# [YOUR ASSIGNMENT]
If a line of the records holds the word "audience", copy it out.

[[ EXERCISE DATA, beginning ]]

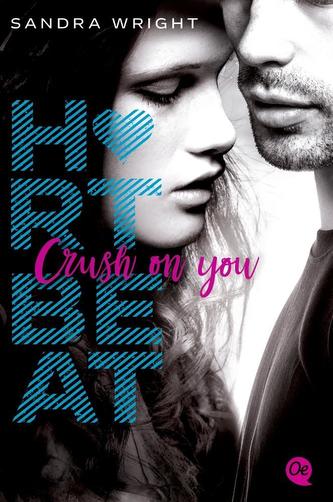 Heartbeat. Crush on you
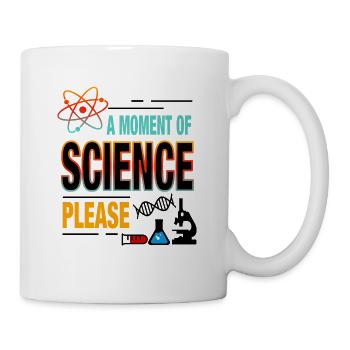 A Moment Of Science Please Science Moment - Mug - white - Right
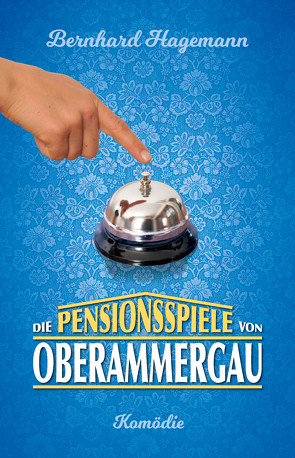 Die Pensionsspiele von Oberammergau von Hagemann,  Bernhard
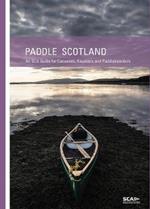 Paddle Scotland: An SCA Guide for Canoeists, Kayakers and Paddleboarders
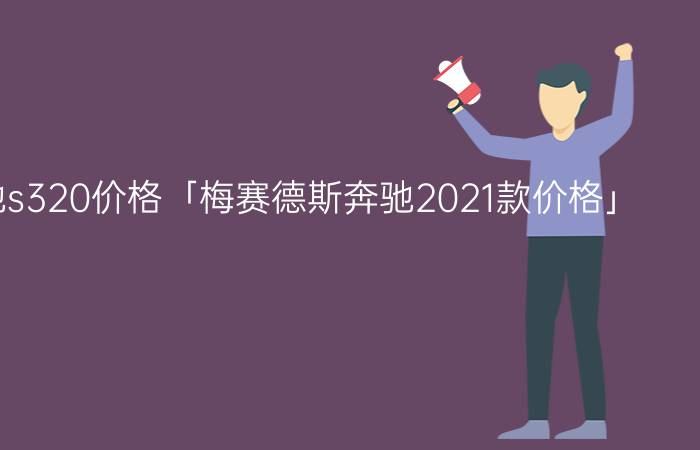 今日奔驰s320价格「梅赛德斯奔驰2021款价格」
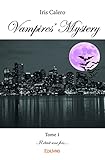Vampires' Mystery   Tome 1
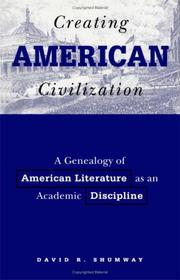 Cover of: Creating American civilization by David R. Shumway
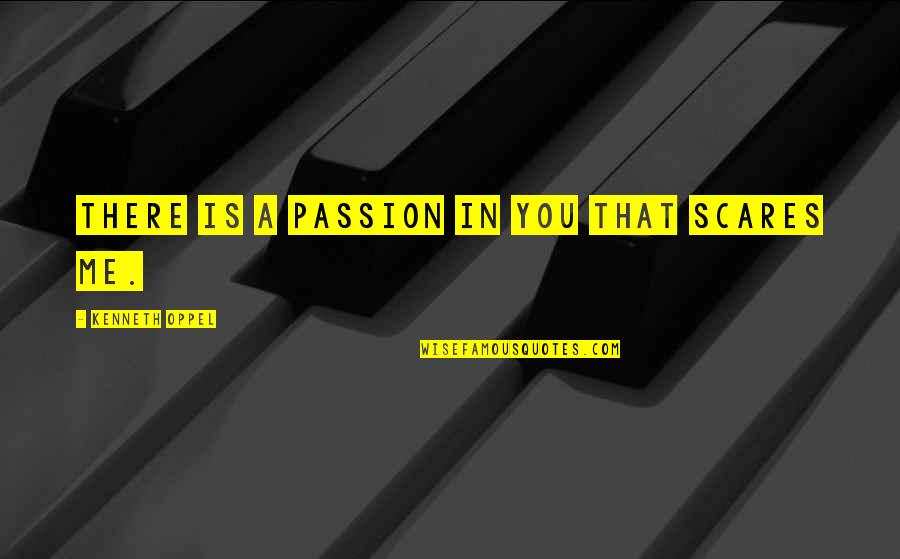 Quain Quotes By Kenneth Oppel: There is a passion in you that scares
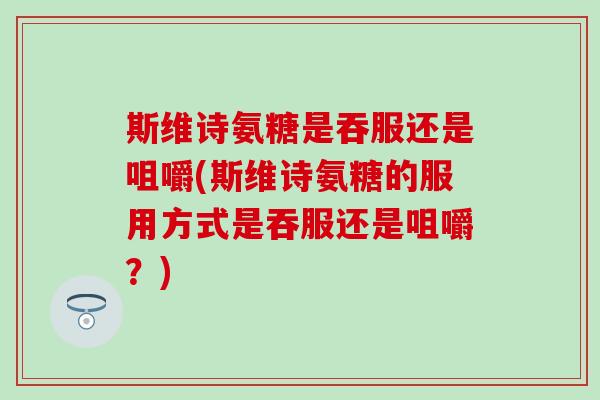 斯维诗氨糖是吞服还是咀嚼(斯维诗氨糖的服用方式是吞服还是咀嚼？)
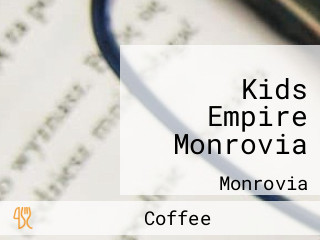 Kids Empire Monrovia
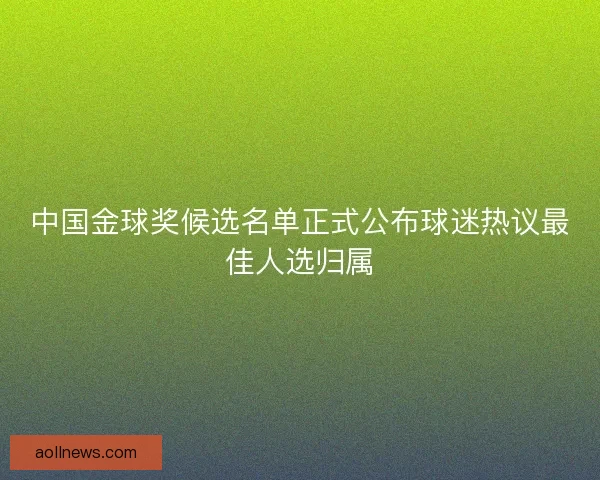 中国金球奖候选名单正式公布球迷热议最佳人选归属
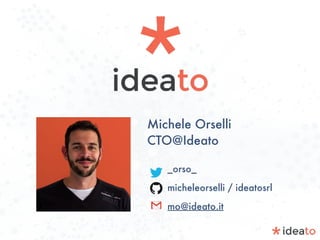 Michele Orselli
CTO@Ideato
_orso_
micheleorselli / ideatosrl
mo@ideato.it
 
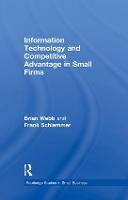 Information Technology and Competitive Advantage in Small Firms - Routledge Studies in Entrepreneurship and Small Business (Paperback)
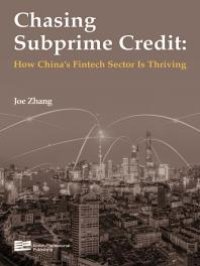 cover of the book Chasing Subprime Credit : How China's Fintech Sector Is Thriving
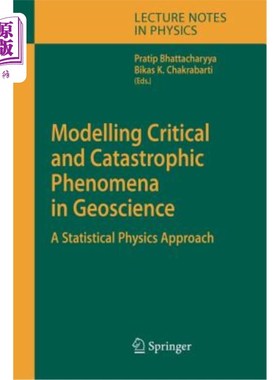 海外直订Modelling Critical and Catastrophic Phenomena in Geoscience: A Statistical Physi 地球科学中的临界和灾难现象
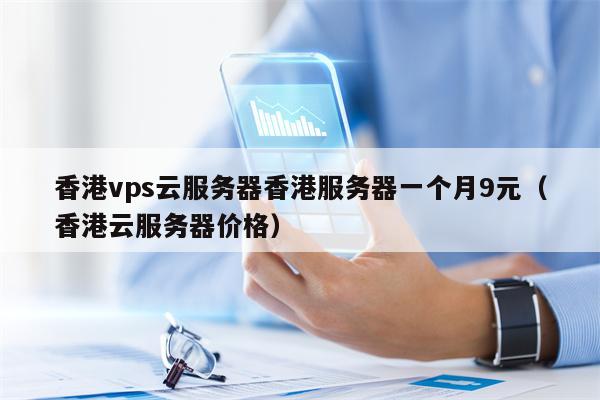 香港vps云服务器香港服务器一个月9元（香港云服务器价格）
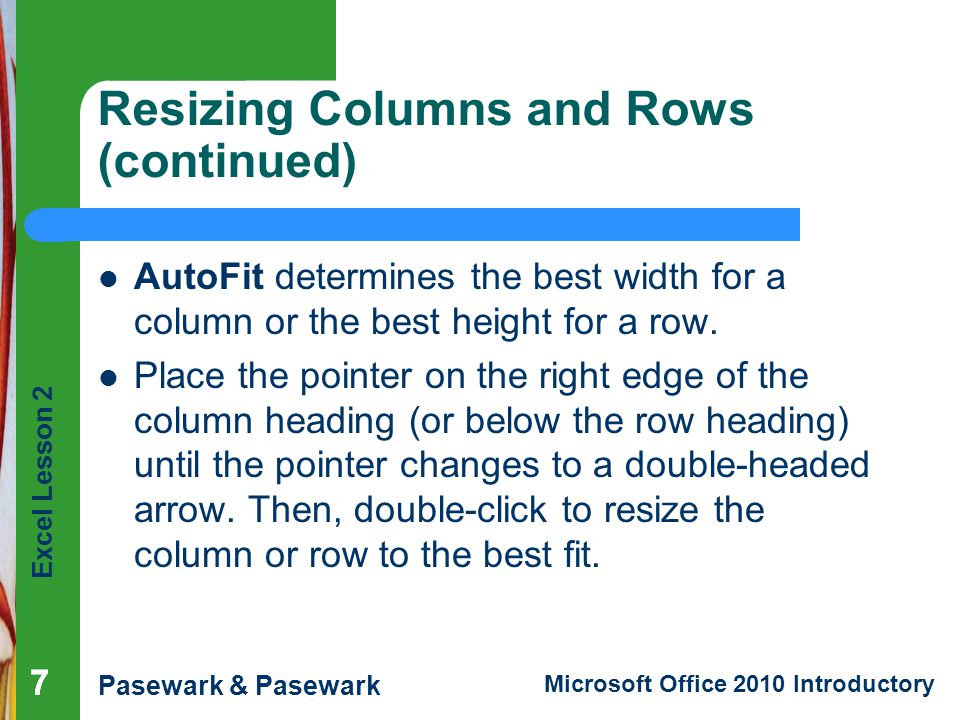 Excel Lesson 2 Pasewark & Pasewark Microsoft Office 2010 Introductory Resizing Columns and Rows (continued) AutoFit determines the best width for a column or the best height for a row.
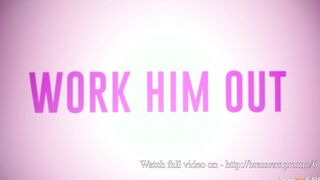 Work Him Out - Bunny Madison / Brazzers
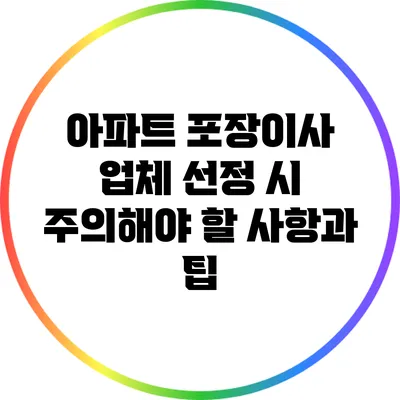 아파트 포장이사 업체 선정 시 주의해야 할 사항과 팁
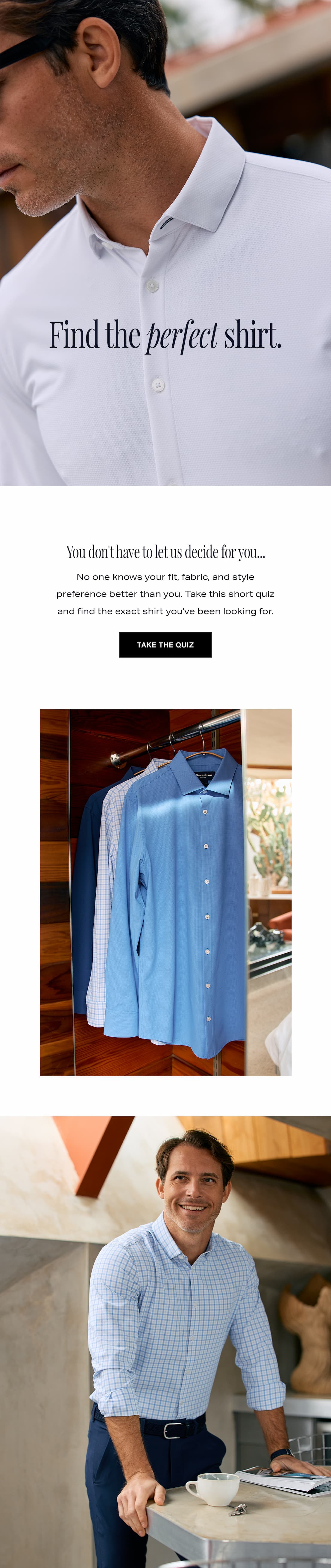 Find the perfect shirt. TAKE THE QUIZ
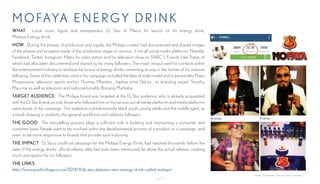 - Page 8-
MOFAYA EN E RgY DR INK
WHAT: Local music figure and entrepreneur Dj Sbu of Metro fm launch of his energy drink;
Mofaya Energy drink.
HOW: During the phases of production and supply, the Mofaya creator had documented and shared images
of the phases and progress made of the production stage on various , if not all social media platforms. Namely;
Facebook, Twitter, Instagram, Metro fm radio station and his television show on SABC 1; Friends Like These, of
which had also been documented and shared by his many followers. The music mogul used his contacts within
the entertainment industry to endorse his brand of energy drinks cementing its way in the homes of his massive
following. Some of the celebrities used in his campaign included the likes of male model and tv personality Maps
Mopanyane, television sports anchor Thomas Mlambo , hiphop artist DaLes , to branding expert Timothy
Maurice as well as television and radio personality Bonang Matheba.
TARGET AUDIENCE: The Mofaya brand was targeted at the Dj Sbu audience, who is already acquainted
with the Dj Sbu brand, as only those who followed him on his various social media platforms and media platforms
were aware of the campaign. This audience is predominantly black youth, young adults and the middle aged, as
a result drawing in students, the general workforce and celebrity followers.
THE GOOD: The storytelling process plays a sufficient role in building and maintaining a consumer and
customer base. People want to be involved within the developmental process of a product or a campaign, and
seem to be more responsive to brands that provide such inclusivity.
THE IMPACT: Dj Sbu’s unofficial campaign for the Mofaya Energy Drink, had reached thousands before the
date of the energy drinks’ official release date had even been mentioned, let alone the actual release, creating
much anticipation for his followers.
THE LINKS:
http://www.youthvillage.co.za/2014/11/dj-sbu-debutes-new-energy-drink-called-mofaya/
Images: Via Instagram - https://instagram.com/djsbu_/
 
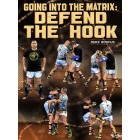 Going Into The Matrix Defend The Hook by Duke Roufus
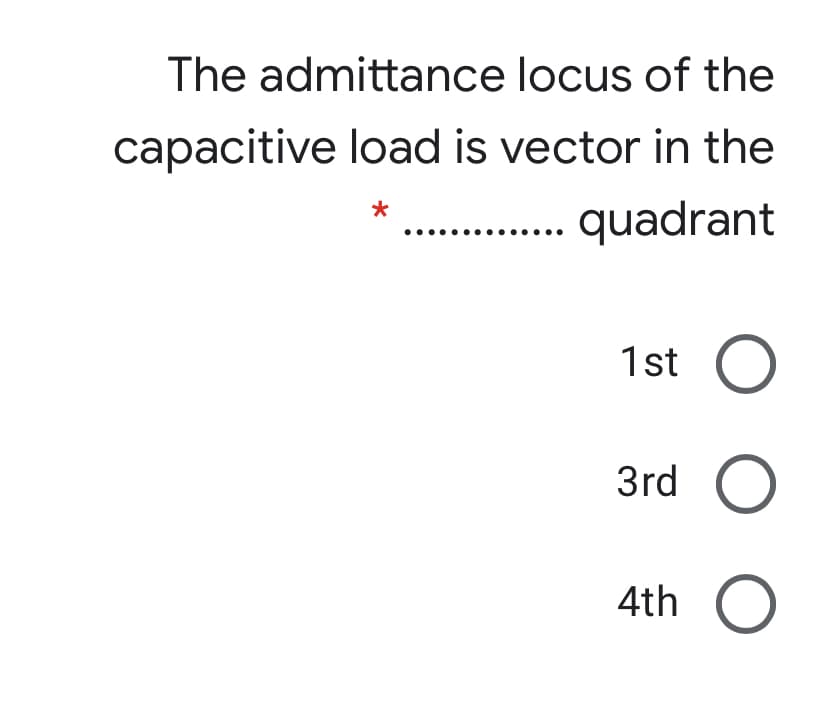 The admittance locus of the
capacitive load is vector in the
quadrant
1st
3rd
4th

[[ EXERCISE DATA, end ]]

# [COMPLETED EXERCISE]
TARGET AUDIENCE: The Mofaya brand was targeted at the Dj Sbu audience, who is already acquainted
were aware of the campaign. This audience is predominantly black youth, young adults and the middle aged, as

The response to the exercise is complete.